> [Work required]:
Nothing but the lines below from the one that contains "Maxwell Scott - Mens" through the one that contains "Casual Women's Silk" should be retyped, exactly and including both ends. Do not include pictures.

> [Task inputs]:

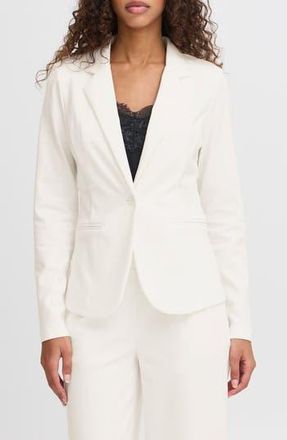 Ichi Regular Notch Lapel Ponte Blazer in Cloud Dancer at Nordstrom Rack, Size X-Large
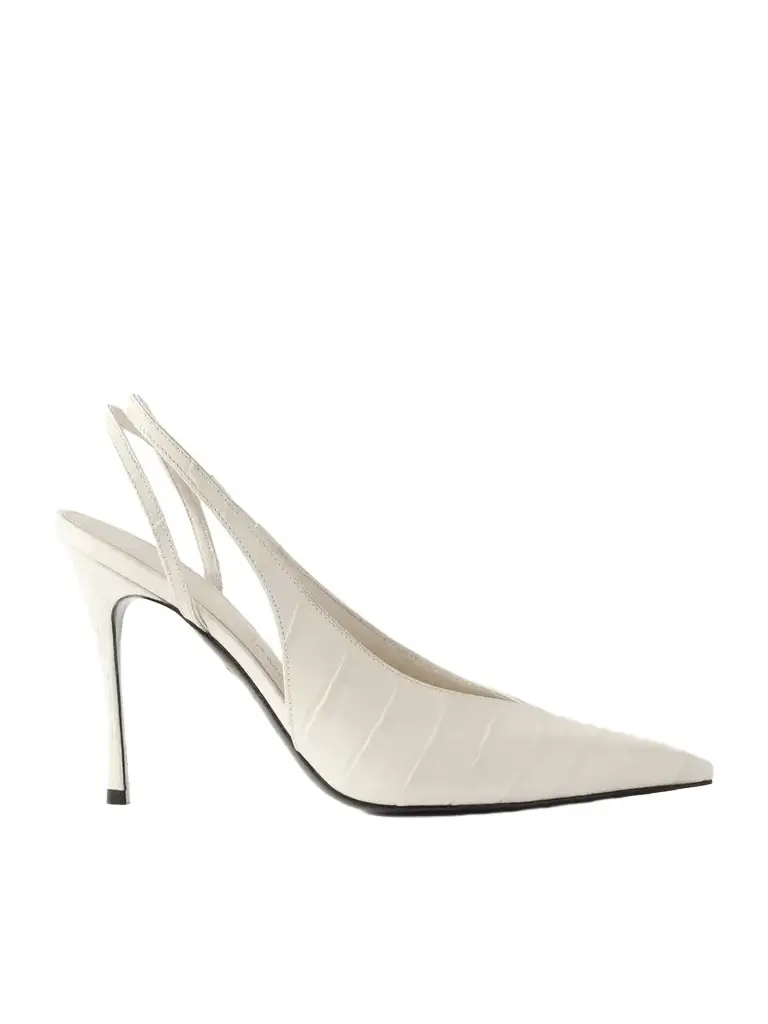 Cressy 95 Croc-effect Patent-leather Slingback Pumps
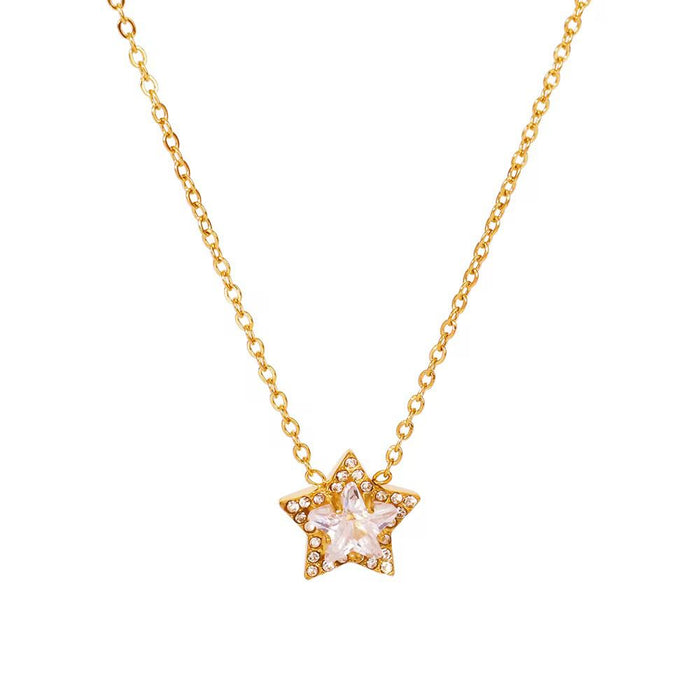 18K Real Gold-Plated Star CZ Zircon Pendant Necklace for Women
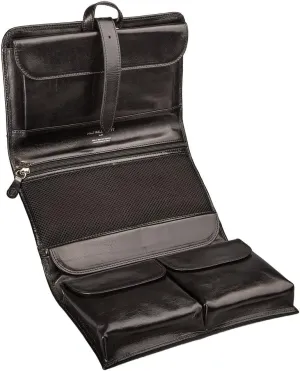 Maxwell Scott - Mens Luxury Leather Folding Hanging Toiletry Bag with Buckle Fastening and Hook - The Pratello Black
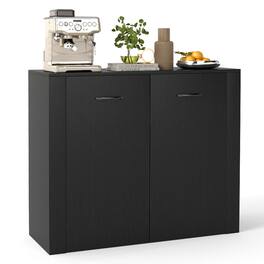 Gymax - Floor Storage Cabinet Buffet Sideboard w/ Double Doors Wooden Coffee Bar Station - Black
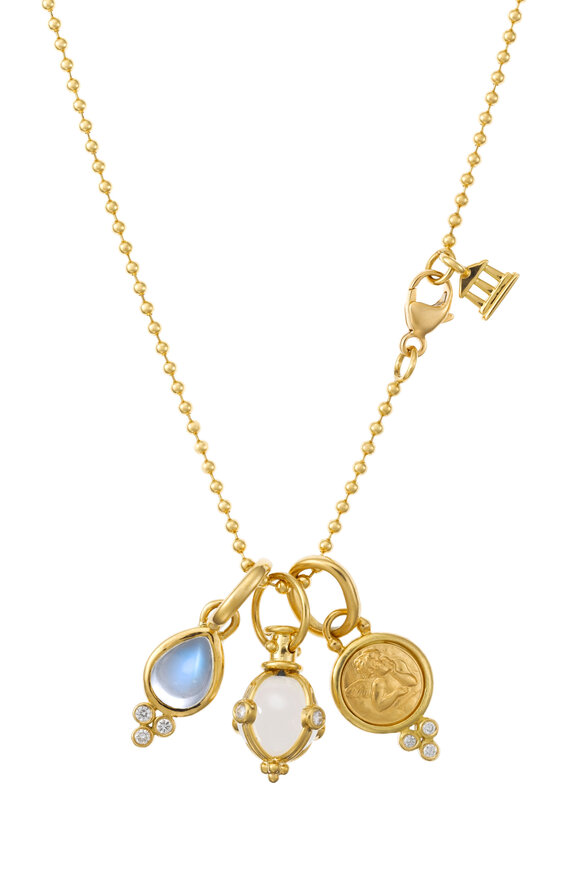 Temple St. Clair Signature Moonstone & Rock Crystal Charm Necklace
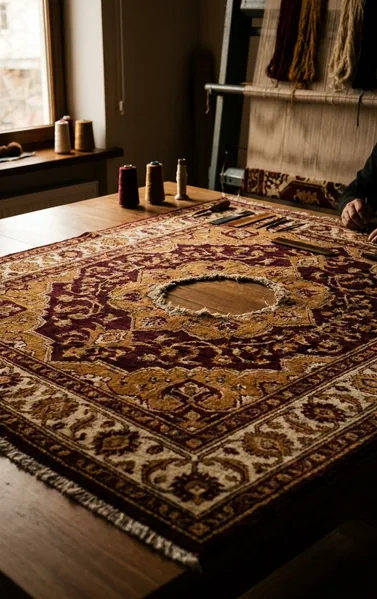 Tapis Chirvan aux bords et couleurs restaurés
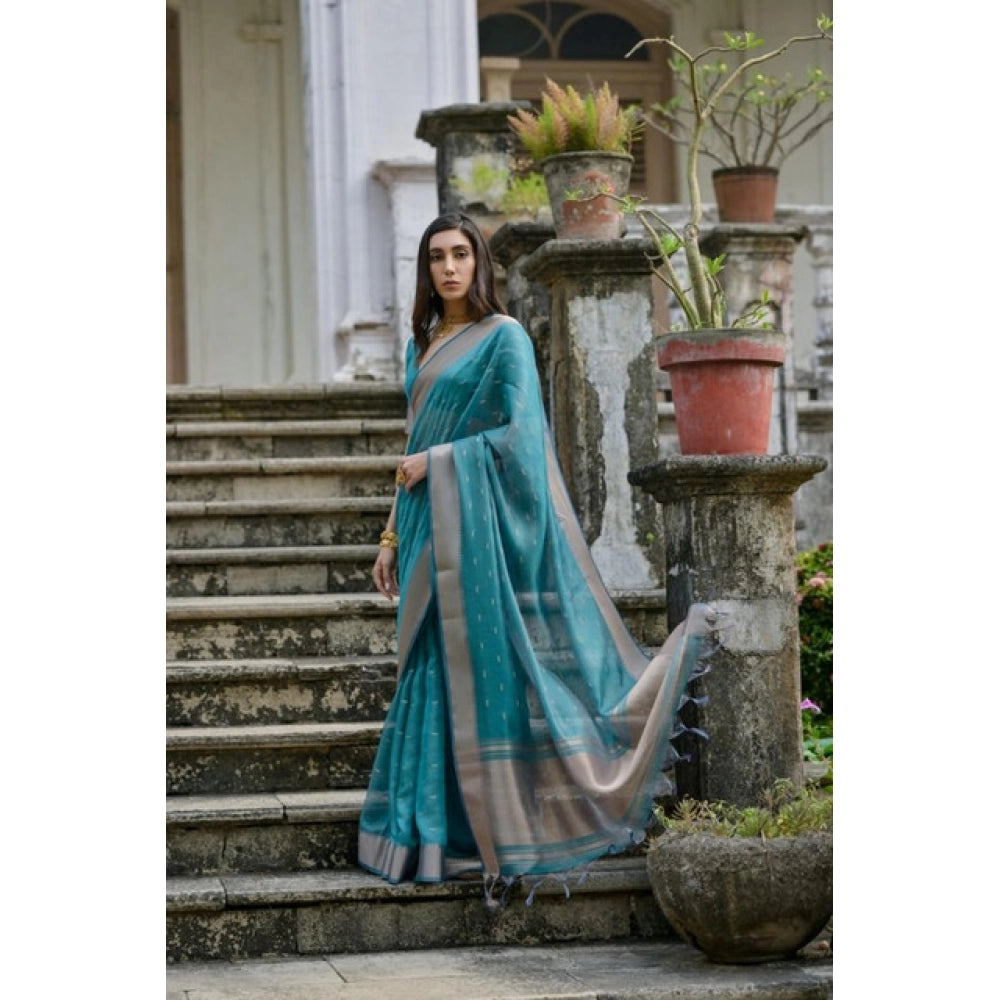 Casual Women's Silk Blend Butti Pattern Saree With Blouse Piece
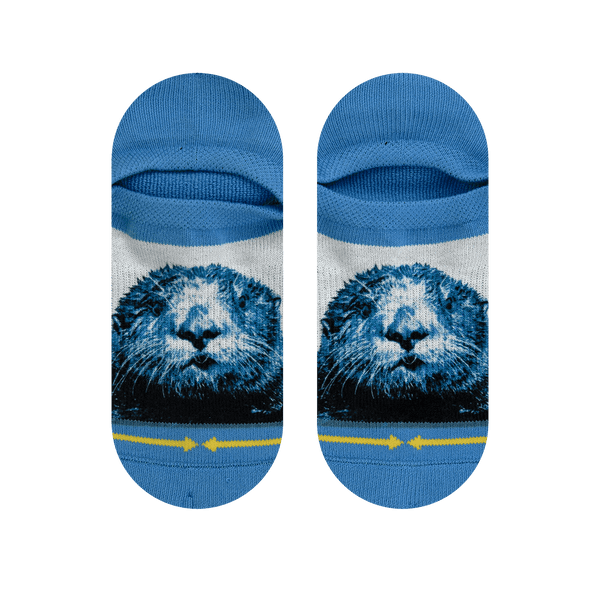 otter socks, no show, ankle socks, white, blue, fur, water creature.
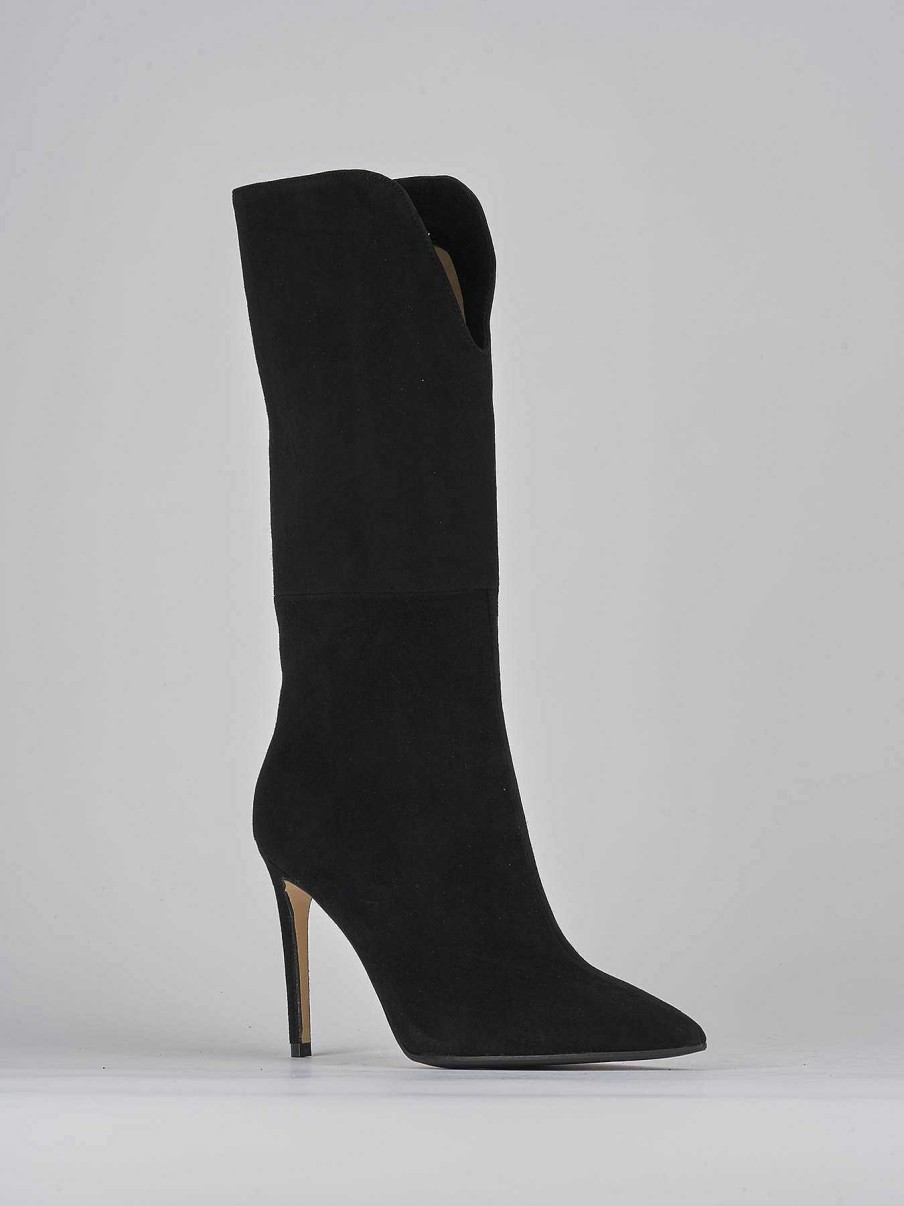 Mujer Barca | Botas De Tacon Alto Tacon 11 Cm Ante Negro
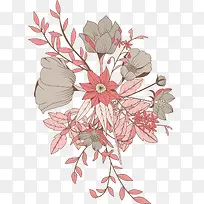 矢量图粉色花朵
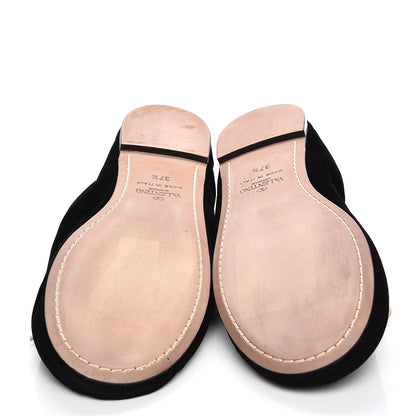 Valentino Garavani Velvet Rockstud Cross Strap Ballerina Flats 37.5 Black 6 of 9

> [Response area]:
 Maxwell Scott - Mens Luxury Leather Folding Hanging Toiletry Bag with Buckle Fastening and Hook - The Pratello Black
 Gymax - Floor Storage Cabinet Buffet Sideboard w/ Double Doors Wooden Coffee Bar Station - Black
 Temple St. Clair Signature Moonstone & Rock Crystal Charm Necklace
 Tapis Chirvan aux bords et couleurs restaurés
 Casual Women's Silk Blend Butti Pattern Saree With Blouse Piece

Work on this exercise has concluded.